The earliest sophisticated seafaring is currently theorized to have been conducted by Neanderthals around 100,000 years ago.

Now, BBC reports that modern human civilization is 44,000 years old (Hat tips: It's Okay to be Smart; Brain Picker). This date for modern human culture is older than previously expected, by about 20,000 years:
The earliest unambiguous evidence for modern human behaviour has been discovered by an international team of researchers in a South African cave.

The finds provide early evidence for the origin of modern human behaviour 44,000 years ago, over 20,000 years before other findings. The artefacts are near identical to modern-day tools of the indigenous African San bush people. The research was published yesterday in PNAS.
The artifacts include poisoned arrowheads (the development of poison is signficant), beads and beeswax.

Even so, modern human civilization may well be older than than 44,000 years old.
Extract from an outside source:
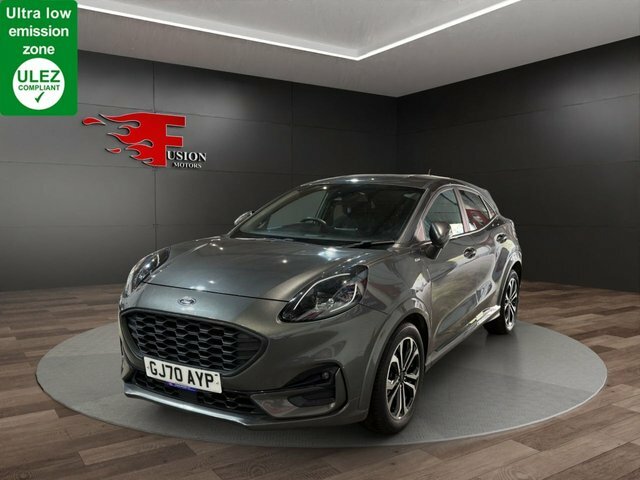 Ford Puma 1.0T Ecoboost Mhev St-line Suv E Grey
BBC qualifies its report, noting that other, modern-styled cultural objects have been found that are 75,000 years old. But BBC takes the 44,000 year old findings as "unambiguous."

Pyrotechnology - the sophisticated use of fire to engineer tools out of stone, is now dated at 72,000 years ago. With pyrotechnology came the rise of the arts. The oldest pigment factory for making paints for cave painting is dated at 100,000 years ago. Music accompanied these paintings. Researchers find paintings were most densely designed in the areas of caves where vocal and instrumental sounds resonate best. Archaeologists suggest that Stone Age people sang songs, accompanied by bone or ivory flutes, in areas surrounded by cave paintings. One assumes that the music was accompanied by exciting story-telling and perhaps dramatics under vibrant paintings of animals: a Stone Age equivalent to Friday night at the IMAX, if you will. The earliest discovered bead and ornamental shell manufacturing dates to about 110,000 years ago.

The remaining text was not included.